Roman caminó entre la niebla que ya cubría la ciudad, con andares
rápidos y deseando no ser seguido por nadie, pues sería incapaz de descubrirlo
a aquellas horas de la tarde, cuando un reguero de hombres sin oficio se
encaminaban a los muelles en busca de un trabajo con el que sacarse unos
chelines o una comida caliente. Se unió a la marea humana, dejando que le
arrastrase hasta la zona más pobre de Londres, buscando con la mirada el
pequeño y oscuro callejón que tenía que tomar para llegar a su destino.
Aún se preguntaba como aquel encargo había llegado hasta él. Sabía
que la joven embarazada del parque no tenía recursos para pagar sus honorarios
y la llegada del mensajero con los pasos a seguir lo habían confirmado. Ahora,
por fin, sabría quién estaba detrás de tan extraño encargo. Se adentró en el
callejón, empujó a un borracho que meaba contra la pared, y caminó despacio
hasta la pequeña portezuela que se hundía en los bajos del edificio. Descendió
por la mugrienta y oscura escalera, arrastrando sus dedos por la pared,
cubierta de un raído papel con adornos orientales. El olor, nauseabundo, se
coló por todos los poros de su cuerpo cuando entró en la gran sala del
fumadero. Observó a los clientes, sentados o tumbados, pero aferrados a sus
pipas de opio. Nunca había entendido a aquellos señores que se gastaban su
fortuna en la droga oriental y tampoco allí pudo ocultar su desacuerdo con lo
que veía. Pero guardó silencio y siguió al joven, de origen chino, que le
indicaba el camino hasta su destino. Y un grito de asombró se ahogó en su
garganta.
La mujer que le esperaba era hermosa, con una belleza que jamás
había visto antes. La melena, oscura y ondulada, le llegaba hasta la cintura y
los ojos verdes resaltaban en su tez blanquecina. El cuerpo quedaba oculto bajo
un traje rojo intenso, que aun así insinuaba las curvas perfectas de la dama.

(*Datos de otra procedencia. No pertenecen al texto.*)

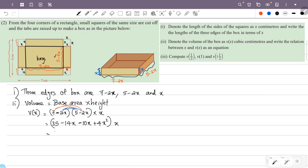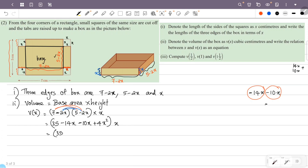Combining like terms: minus 14x and minus 10x give minus 24x. So (7 minus 2x)(5 minus 2x) equals 35 minus 24x plus 4x squared. Therefore V(x) equals (35 minus 24x plus 4x squared) times x.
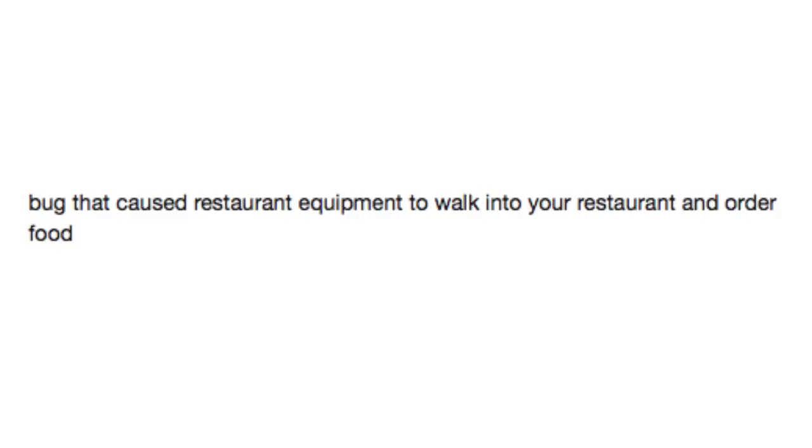Bug that caused restaurant equipment to walk into your restaurant and order food. Yeah, can I get whatever you guys just put into my wife's mouth? Yeah, I'll take that.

Pero si algo destacaba era su mirada fiera y segura que obligó a Roman a
apartar la suya propia. Nunca hasta ahora se había sentido inseguro, menos ante
una mujer, pero aquella le imponía respeto sin tan siquiera hablar. Y, cuando
por fin lo hizo, comprendió que ningún sentimiento superaría al miedo de no
cumplir sus deseo.
-Has llevado lo que te pedí –dijo sin cortesía alguna-. Y el señor
está nervioso por el regalo recibido.
-Ha hablado con una de las criadas –respondió Roman, omitiendo que
había acompañado a la chica a su casa y su cama para sonsacarle la información-,
está absolutamente aterrorizado. Desde la pasada semana no ha salido de su
residencia y está encerrado en la biblioteca. Sé que ha quemado el crisantemo
y, supongo, también la serpiente.
-Está preparando su estrategia. Cree que dentro de la casa es
invencible y que ningún mal podrá ocurrirle. Debes demostrarle que no es así,
como el tigre que acecha, también tu has de estar atento a sus pasos pero no
eres un tigre, eres un hombre: oblígale a salir. Oblígale a conocer el miedo.

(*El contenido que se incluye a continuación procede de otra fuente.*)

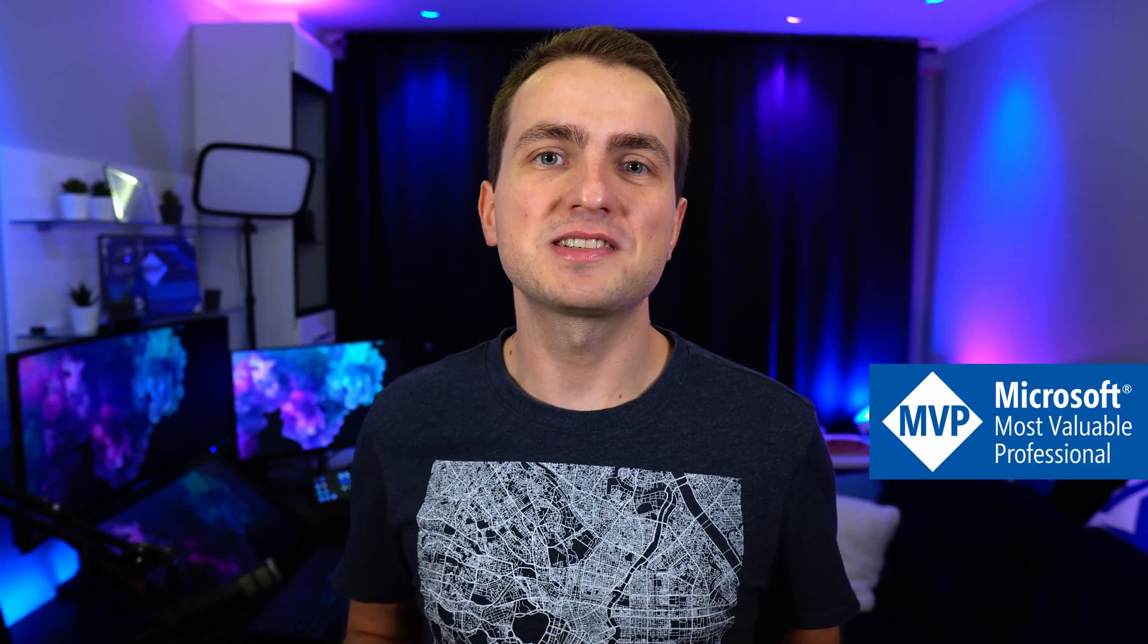Hey guys, this is Adam and in this episode of Azure Fundamentals we'll cover what is Azure Security Center and how does this service help us protect our Azure resources.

Roman asintió mientras recogía la pequeña caja que le entregó la
mujer. La sujetó con fuerza cuando, lo que hubiera dentro, se movió furioso haciéndola
temblar entre sus dedos. Tenía muchas preguntas que hacer, pero no se atrevió.
Salió del local sin haber descubierto, tan siquiera, el nombre de su
interlocutora. Y eso le ponía casi tan nervioso como el nuevo encargo recibido.